SpamBlock Pixel Documentation
This guide walks you through installing the SpamBlock pixel, understanding the scoring pipeline, and tuning the available configuration options.
Quick start
- Add the script. Place the pixel on every page that contains a form you want protected.
- Add
data-block-spamto the forms you want enforced. If no forms have the attribute, SpamBlock will protect all forms on the page. - Submit the form. SpamBlock intercepts the submission, runs 13+ detection signals, and only forwards the request when the score is below the configured threshold.
<script
src="https://api.spamblock.io/sdk/pixel/v1.js" defer
></script>
<form data-block-spam>
... your existing fields ...
</form>
Detection signals
Core signals (always enabled):
- Honeypot field detection (+90 points, instant block)
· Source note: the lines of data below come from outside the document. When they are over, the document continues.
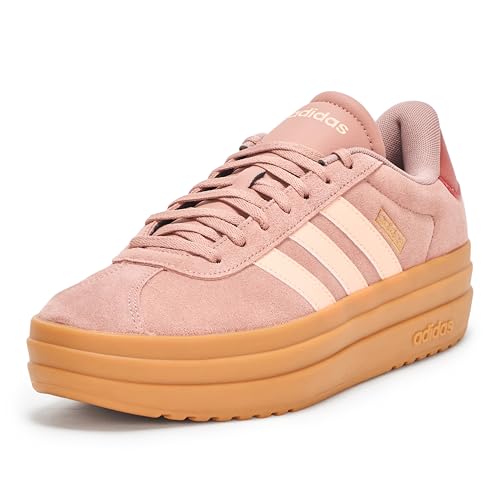 Image of adidas Womens Vl Court Bold Lace Up Sneakers Shoes Casual - Pink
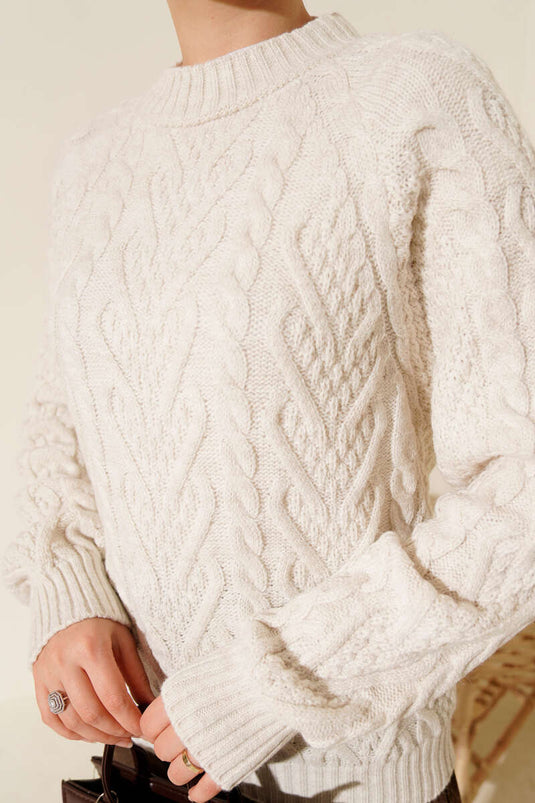 Örgü Kabartmalı Triko Kazak Ekru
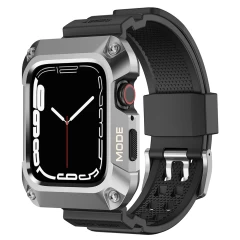 Husa pentru Apple Watch 4 / 5 / 6 / SE / SE 2 (44mm) + Curea - Lito Metal RuggedArmor (LS002) - Black Argintiu 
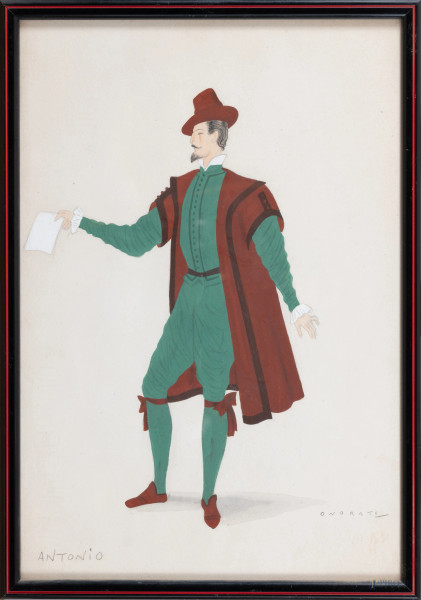 Umberto Onorato (1898-1967), Antonio, tecnica mista su carta, cm 41x28, firmato in basso a destra, entro cornice, (lievi segni di usura)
- Disposable email domains (+40 points)
- IP reputation checks (+100 if denied)
- Tor exit nodes (+35 points)
Advanced signals (enabled by default):
- Language detection & mismatch analysis (+30 max)
- Entropy & repetition detection (+30 max)
- Header analysis (User-Agent, Referer, ASN) (+25 max)
- Intent classification (spam keywords) (+15 per keyword)
- Timing & behavioral analysis (+20 max)
- Script detection & homoglyph analysis (+30 max)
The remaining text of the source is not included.